Concept

Malala Yousafzai

Summary
Malala Yousafzai (, ملاله یوسفزۍ, pronunciation: məˈlaːlə jusəf ˈzəj; born 12 July 1997) is a Pakistani female education activist and the 2014 Nobel Peace Prize laureate at the age of 17. She is the world's youngest Nobel Prize laureate, the second Pakistani and the first Pashtun to receive a Nobel Prize. Yousafzai is a human rights advocate for the education of women and children in her native homeland, Swat, where the Pakistani Taliban had at times banned girls from attending school. Her advocacy has grown into an international movement, and according to former Prime Minister Shahid Khaqan Abbasi, she has become Pakistan's "most prominent citizen." The daughter of education activist Ziauddin Yousafzai, she was born to a Yusufzai Pashtun family in Swat and was named after the Afghan folk heroine Malalai of Maiwand. Considering Abdul Ghaffar Khan, Barack Obama, and Benazir Bhutto as her role models, she was also inspired by her father's thoughts and humanitarian work. In early 2009, when she was 11, she wrote a blog under her pseudonym Gul Makai for the BBC Urdu to detail her life during the Taliban's occupation of Swat.
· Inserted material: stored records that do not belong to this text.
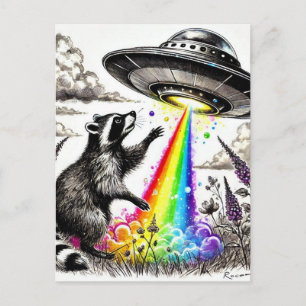 Carte Postale Raccoon et l'OVNI arc-en-ciel dans une prairie fle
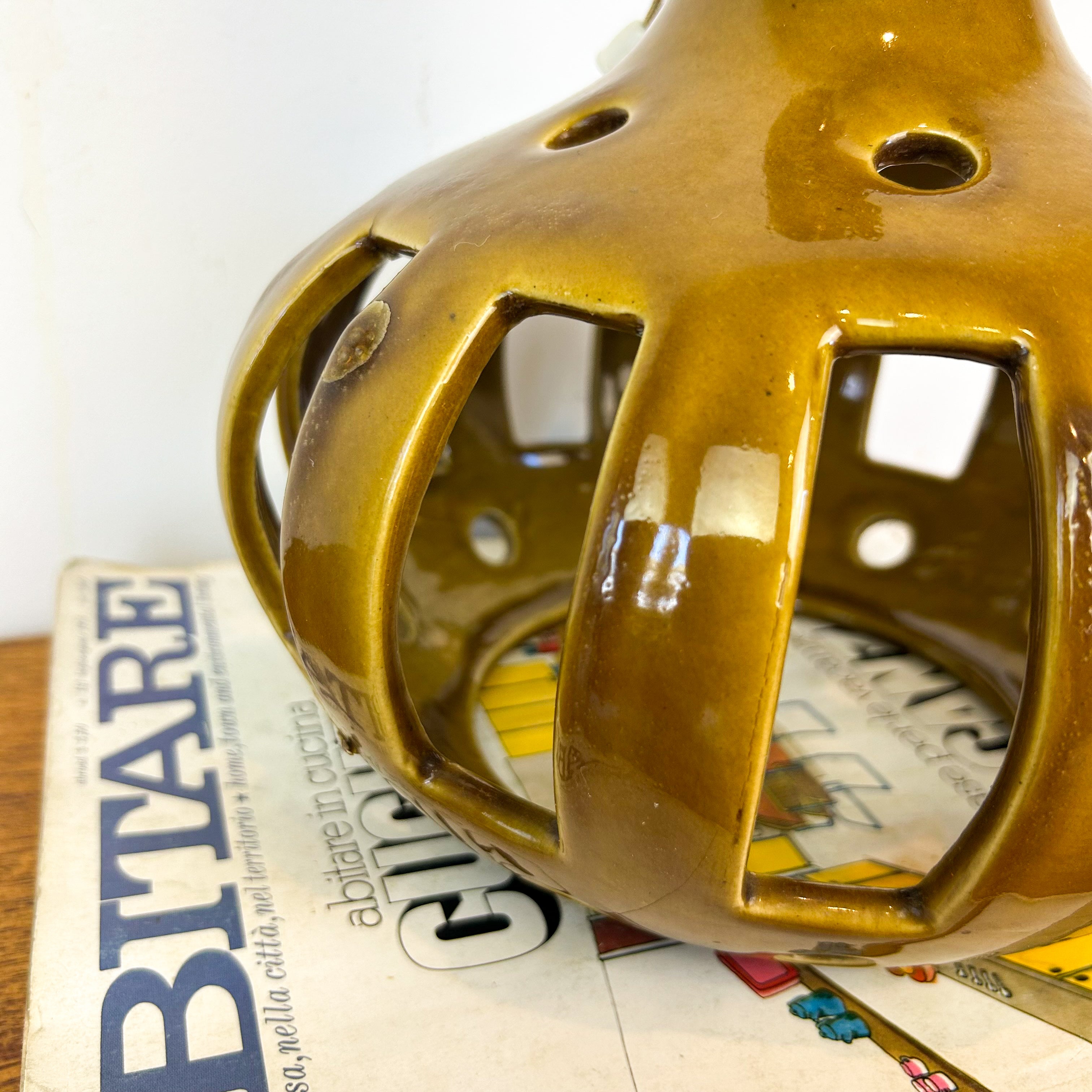 CERAMIC LAMP BASE / PENDANT LIGHT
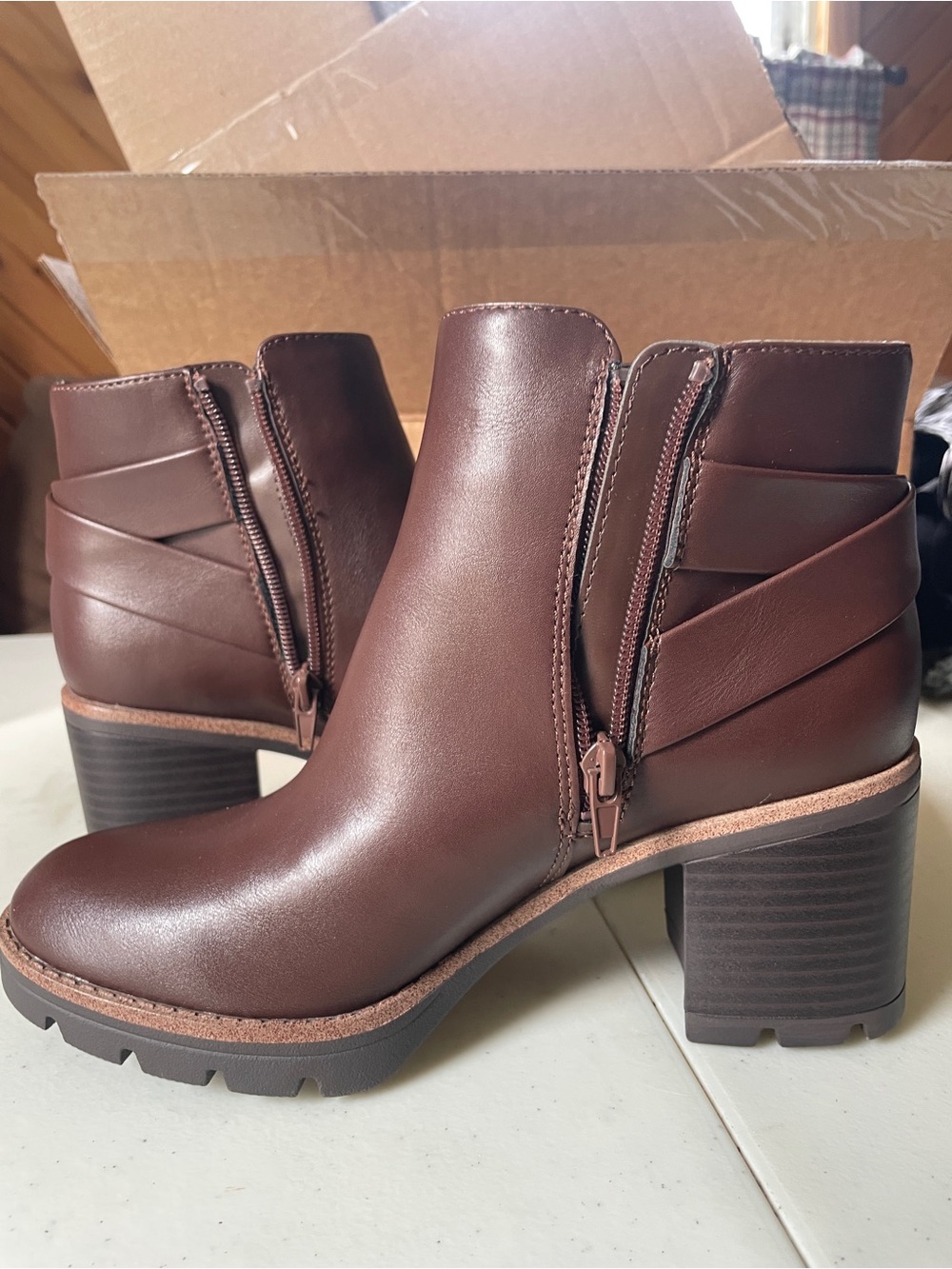 Naturalizer Women's Dark Brown Chunky Heel Ankle Booties with Side Zipper 7.5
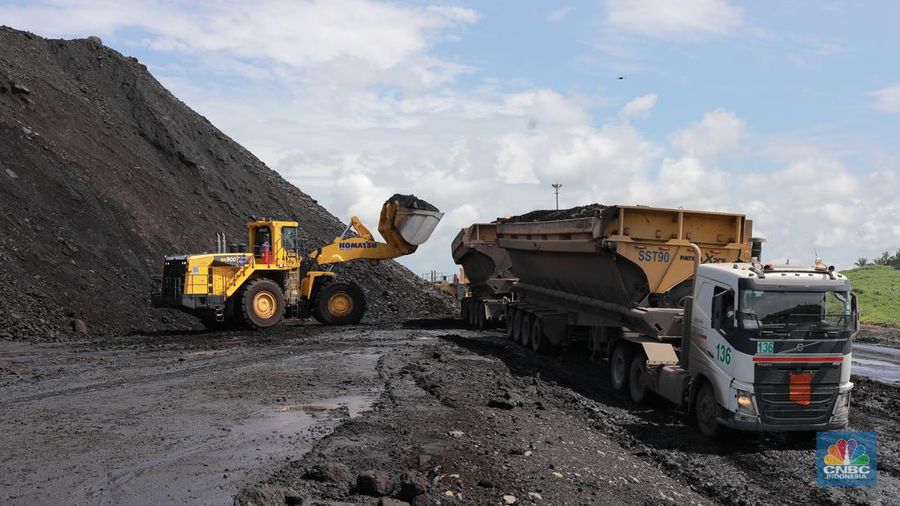 Aktivitas pertambangan batubara milik Bayan Resources di Tabang/Pakar, Kalimantan, Jumat (17/11/2023). (²©²ÊÍøÕ¾/Muhammad Sabki)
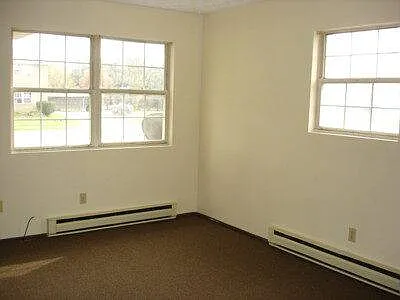 2 bed, 1.0 bath, $750 — Photo 2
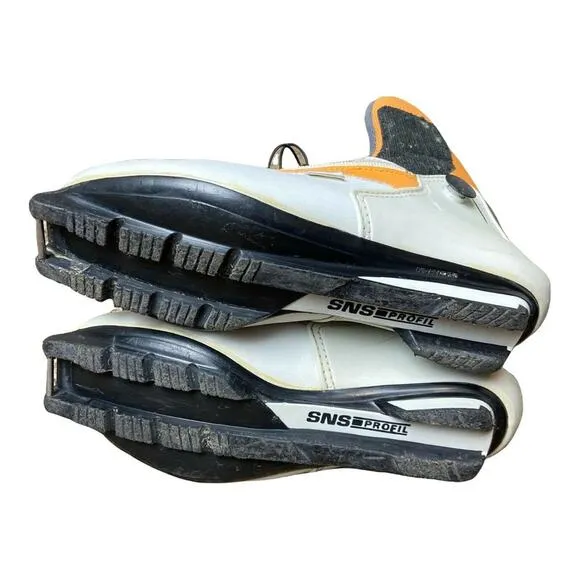 Womens Orange Salomon Vitane 8 CL Auto Fit Skate Ski Boots Size 6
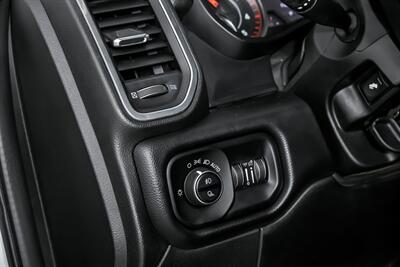 2020 RAM 3500 Laramie   - Photo 27 - Joliet, IL 60435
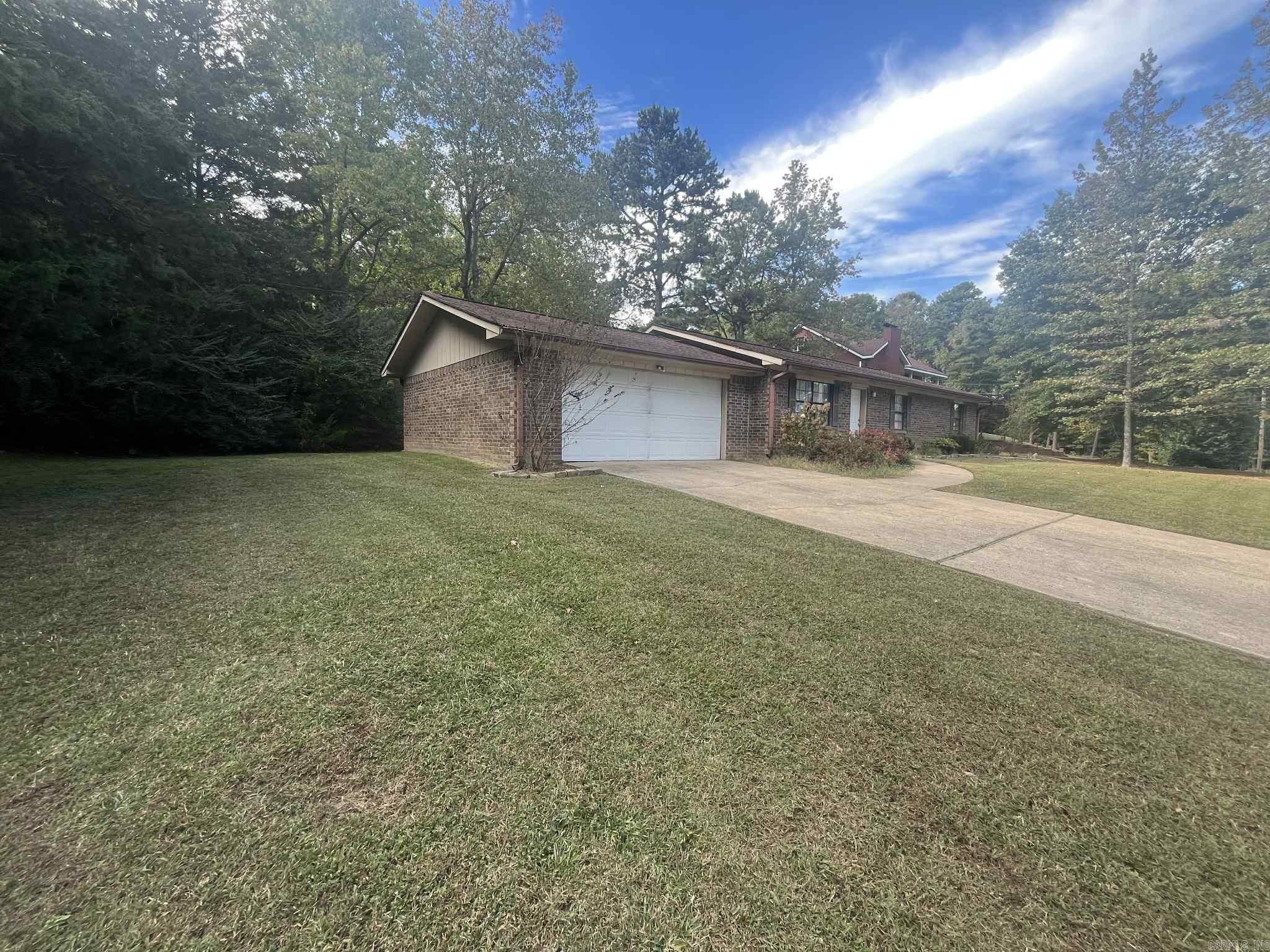 1407 Mena St. Mena, AR 71953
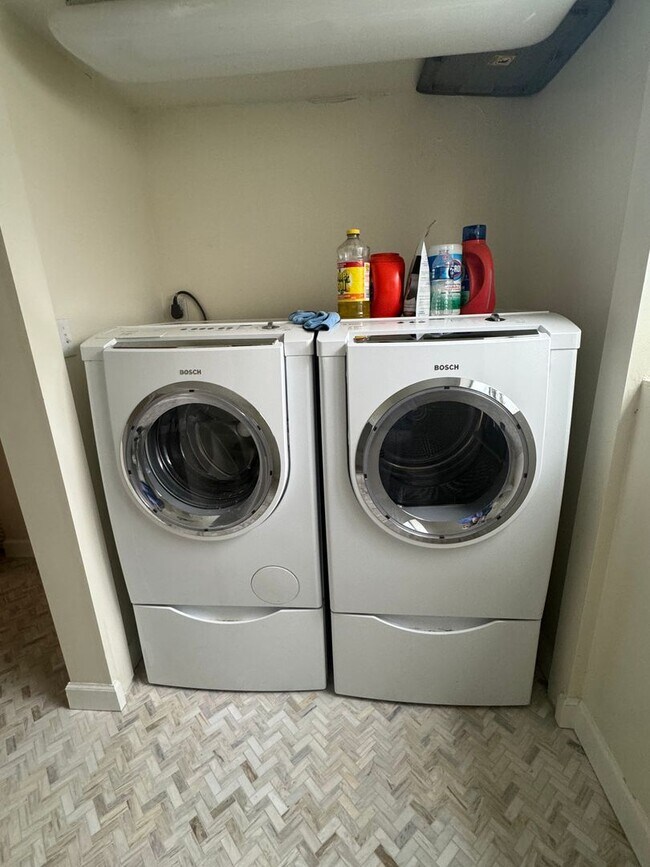 Building Photo - Beautiful Taylosville Home for rent!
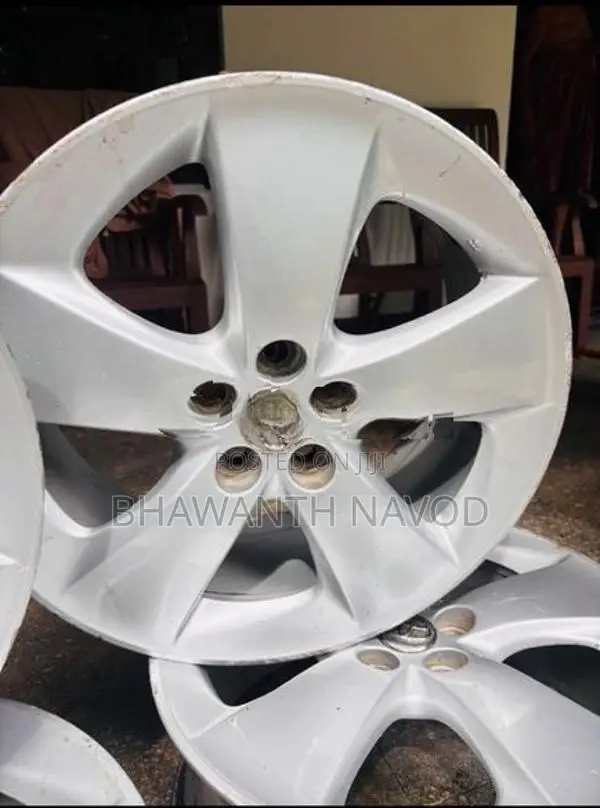 Toyota Prius 3rd Gen 17 Inch Alloy Wheels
The following summer, journalist Adam B. Ellick made a New York Times documentary about her life as the Pakistan Armed Forces launched Operation Rah-e-Rast against the militants in Swat. She rose in prominence, giving interviews in print and on television, and was nominated for the International Children's Peace Prize by activist Desmond Tutu. On 9 October 2012, while on a bus in Swat District after taking an exam, Yousafzai and two other girls were shot by a Taliban gunman in an assassination attempt targeting her for her activism; the gunman fled the scene. She was struck in the head by a bullet and remained unconscious and in critical condition at the Rawalpindi Institute of Cardiology, but her condition later improved enough for her to be transferred to the Queen Elizabeth Hospital in Birmingham, UK. The attempt on her life sparked an international outpouring of support.